1) Node 1 is starting and node 2 is down (or vice-versa):
   Take the resources. (If the primary is dead, do that via
mark_node_dead(). Else do that via req_our_resources())

2) Node 1 and node two are starting at the same time:
   Let's make both machine req_our_resources(). The primary (defined
in /etc/ha.d/haresources) will get his resources. If both machines
have resources defined in the file, each one will hold his own resources.

3) Node 1 is starting and node 2 has no resources:
   Just like the above (#2).

4) Node 1 is starting and node 2 has (his) local resources:
   Let's ask for our local resources. (req_our_resources()).

5) Node 1 is starting and node 2 has both local and foreign (all) resources:
   Do nothing. :)

   Note that if you have more than two nodes, this may work. But as I
said before, this is just to use before the API is ready. :)

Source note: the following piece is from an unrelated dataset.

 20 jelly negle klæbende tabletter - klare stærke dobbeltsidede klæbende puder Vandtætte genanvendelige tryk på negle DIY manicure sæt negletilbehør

   The possible resources_held messages are: "I don't hold resources",
"I hold local resources", "I hold foreign resources" and "I hold all
resources". I don't create lists of resources anymore. Just what kind
of resources I hold, if so.

   I agree with you about the sequence number in the messages. But if
a message take long to be retransmitted, it may confuse the
cluster. Anyway as this stuff is used only for the starting process,
it doesn't hurt anything.

   The mistake I found relates to resources_timer. It may fit in the
same place but may not be related to send_starting_now that happens in
the first ten seconds (only while ((now - starttime) <
RQSTDELAY) ). To fix it I've splitted the if into two ifs. :)

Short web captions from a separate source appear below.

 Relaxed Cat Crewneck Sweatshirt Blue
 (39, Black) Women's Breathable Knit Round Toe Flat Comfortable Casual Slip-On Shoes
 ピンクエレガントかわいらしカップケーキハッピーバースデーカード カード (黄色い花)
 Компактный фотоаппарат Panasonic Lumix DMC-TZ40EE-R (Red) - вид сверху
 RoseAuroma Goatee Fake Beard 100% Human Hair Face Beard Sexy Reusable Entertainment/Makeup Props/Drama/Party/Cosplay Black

   That's the way the new stuff works. I sent it to you to have a more
experienced oppinion. Thanks again! :)

							Luis

[ Luis Claudio R. Goncalves                  lclaudio@conectiva.com.br ]
[ BSc in Computer Science -- MSc coming soon -- Gospel User -- Linuxer ]
[ Fault Tolerance - Real-Time - Distributed Systems - IECLB - IS 40:31 ]
[ LateNite Programmer --  Jesus Is The Solid Rock On Which I Stand  -- ]